Two months later, Air India CEO Campbell Wilson reiterated Scindia’s point. Speaking at an industry event in Gurugram in late March, Wilson said that the airline industry in India is growing so fast that the country could support at least one more international hub besides Mumbai and Delhi. “There aren’t many other markets like India in the world. Northern India has a good east to west flow, while southern India can offer an Asia to Africa or Australia-Europe flow,” he said.

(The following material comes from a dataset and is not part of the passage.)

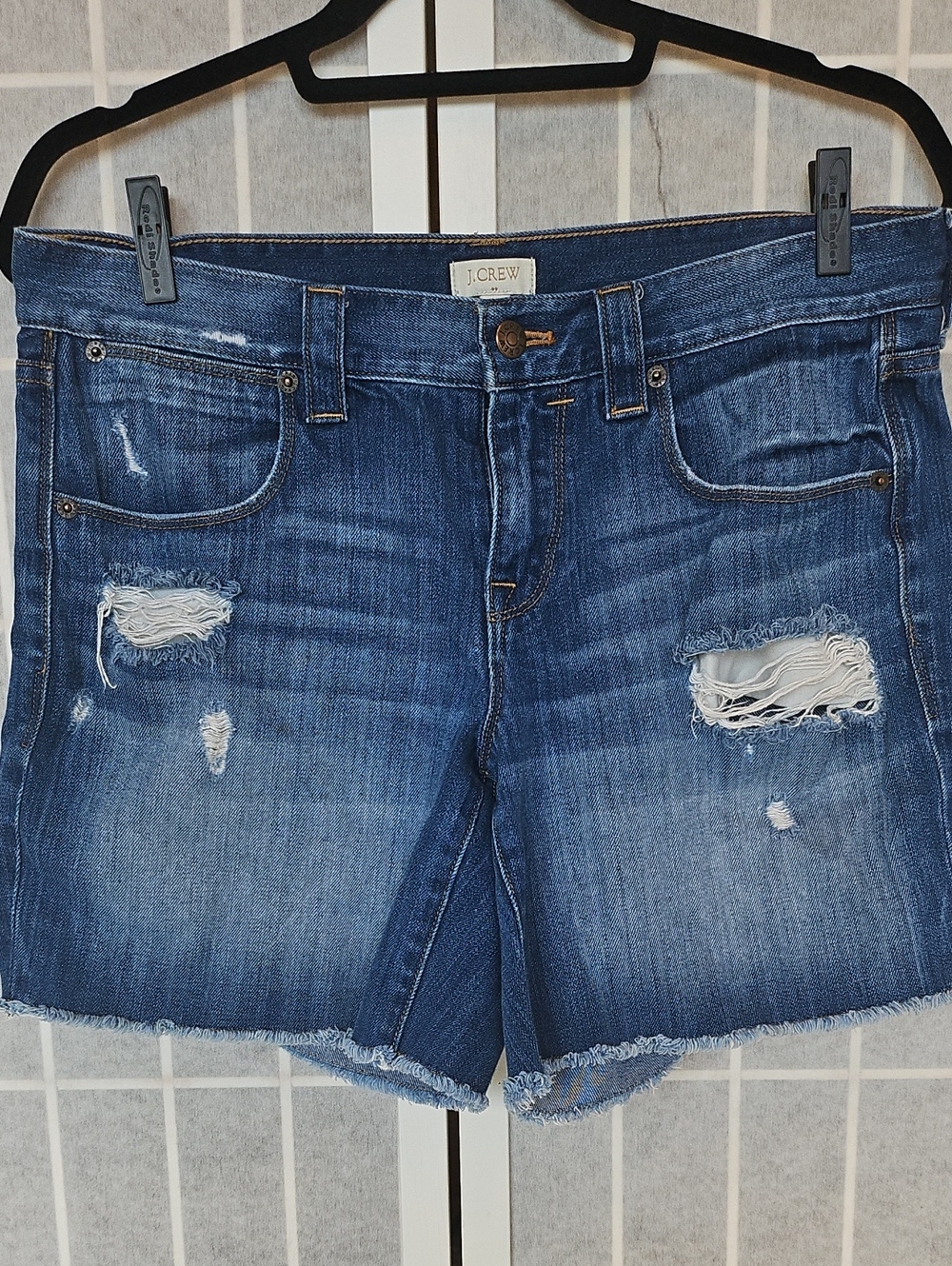 J. Crew Medium Blue Distressed Denim Shorts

The optimism over India’s civil aviation sector is reflected in the airlines’ preparations for the future. In anticipation of the surge in passenger traffic, leading players have placed large orders with aircraft manufacturers Boeing and Airbus. Last year, IndiGo placed an order for 500 aircraft from Airbus, in addition to its earlier order for 480 planes. After the Tata group’s acquisition of Air India, the carrier ordered 470 planes from Boeing and Airbus, while Akasa Air placed an order for 200 aircraft with Boeing. In total, Indian carriers have placed orders for well over 1,600 aircraft that are expected to be delivered over the next decade.
Both experts and industry players continue to bet on growing passenger traffic. Between FY13 and FY20, before the Covid-19 pandemic disrupted the market, domestic passenger traffic in India had grown at a CAGR of 13.6%—from 57.9 million a year to 141.2 million. Since the pandemic, passenger traffic has bounced back to 136 million in FY23, and industry estimates suggest that it may have crossed the previous high in FY24. The question some experts ask, though, is whether this will sustain. And if it does, and new aircraft deliveries happen only over the next few years, there seems to be no respite for the industry and passengers in the near term.